Package 'tfio' reference manual

Title:	Interface to 'TensorFlow IO'
Description:	Interface to 'TensorFlow IO', Datasets and filesystem extensions maintained by `TensorFlow SIG-IO` <https://github.com/tensorflow/community/blob/master/sigs/io/CHARTER.md>.
Authors:	TensorFlow IO Contributors [aut, cph] (Full list of contributors can be found at <https://github.com/tensorflow/io/graphs/contributors>), Yuan Tang [aut, cre] , TensorFlow Authors [cph], Ant Financial [cph], RStudio [cph]
Maintainer:	Yuan Tang <[email protected]>
License:	Apache License 2.0
Version:	0.4.1
Built:	2025-02-18 04:25:51 UTC
Source:	https://github.com/cran/tfio

Creates a `ArrowFeatherDataset`.

Description

An Arrow Dataset for reading record batches from Arrow feather files. Feather is a light-weight columnar format ideal for simple writing of Pandas DataFrames.

Usage

arrow_feather_dataset(filenames, columns, output_types, output_shapes = NULL)
arrow_feather_dataset(filenames, columns, output_types, output_shapes = NULL)

Arguments

`filenames`	A `tf.string` tensor, list or scalar containing files in Arrow Feather format.
`columns`	A list of column indices to be used in the Dataset.
`output_types`	Tensor dtypes of the output tensors.
`output_shapes`	TensorShapes of the output tensors or `NULL` to infer partial.

Examples

## Not run: 
dataset <- arrow_feather_dataset(
    list('/path/to/a.feather', '/path/to/b.feather'),
    columns = reticulate::tuple(0L, 1L),
    output_types = reticulate::tuple(tf$int32, tf$float32),
    output_shapes = reticulate::tuple(list(), list())) %>%
  dataset_repeat(1)

sess <- tf$Session()
iterator <- make_iterator_one_shot(dataset)
next_batch <- iterator_get_next(iterator)

until_out_of_range({
  batch <- sess$run(next_batch)
  print(batch)
})

## End(Not run)

## Not run: 
dataset <- arrow_feather_dataset(
    list('/path/to/a.feather', '/path/to/b.feather'),
    columns = reticulate::tuple(0L, 1L),
    output_types = reticulate::tuple(tf$int32, tf$float32),
    output_shapes = reticulate::tuple(list(), list())) %>%
  dataset_repeat(1)

sess <- tf$Session()
iterator <- make_iterator_one_shot(dataset)
next_batch <- iterator_get_next(iterator)

until_out_of_range({
  batch <- sess$run(next_batch)
  print(batch)
})

## End(Not run)

Creates a `ArrowStreamDataset`.

Description

An Arrow Dataset for reading record batches from an input stream.
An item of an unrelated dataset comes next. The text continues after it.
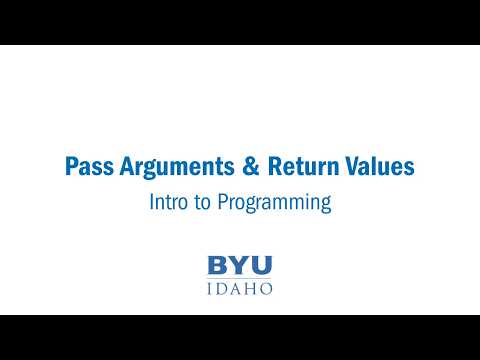 Python Functions Explained How To Pass Arguments And Return Values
Currently supported input streams are a socket client or stdin.

Usage

arrow_stream_dataset(host, columns, output_types, output_shapes = NULL)
arrow_stream_dataset(host, columns, output_types, output_shapes = NULL)

Arguments

`host`	A `tf.string` tensor or string defining the input stream. For a socket client, use "<HOST_IP>:<PORT>", for stdin use "STDIN".
`columns`	A list of column indices to be used in the Dataset.
`output_types`	Tensor dtypes of the output tensors.
`output_shapes`	TensorShapes of the output tensors or `NULL` to infer partial.

Examples

## Not run: 
dataset <- arrow_stream_dataset(
    host,
    columns = reticulate::tuple(0L, 1L),
    output_types = reticulate::tuple(tf$int32, tf$float32),
    output_shapes = reticulate::tuple(list(), list())) %>%
  dataset_repeat(1)

sess <- tf$Session()
iterator <- make_iterator_one_shot(dataset)
next_batch <- iterator_get_next(iterator)

until_out_of_range({
  batch <- sess$run(next_batch)
  print(batch)
})

## End(Not run)

## Not run: 
dataset <- arrow_stream_dataset(
    host,
    columns = reticulate::tuple(0L, 1L),
    output_types = reticulate::tuple(tf$int32, tf$float32),
    output_shapes = reticulate::tuple(list(), list())) %>%
  dataset_repeat(1)

sess <- tf$Session()
iterator <- make_iterator_one_shot(dataset)
next_batch <- iterator_get_next(iterator)

until_out_of_range({
  batch <- sess$run(next_batch)
  print(batch)
})

## End(Not run)

Create an Arrow Dataset from the given Arrow schema.

Description

Infer output types and shapes from the given Arrow schema and create an Arrow Dataset.

Usage

from_schema(object, ...)
from_schema(object, ...)

Arguments

`object`	An R object.
`...`	Optional arguments passed on to implementing methods.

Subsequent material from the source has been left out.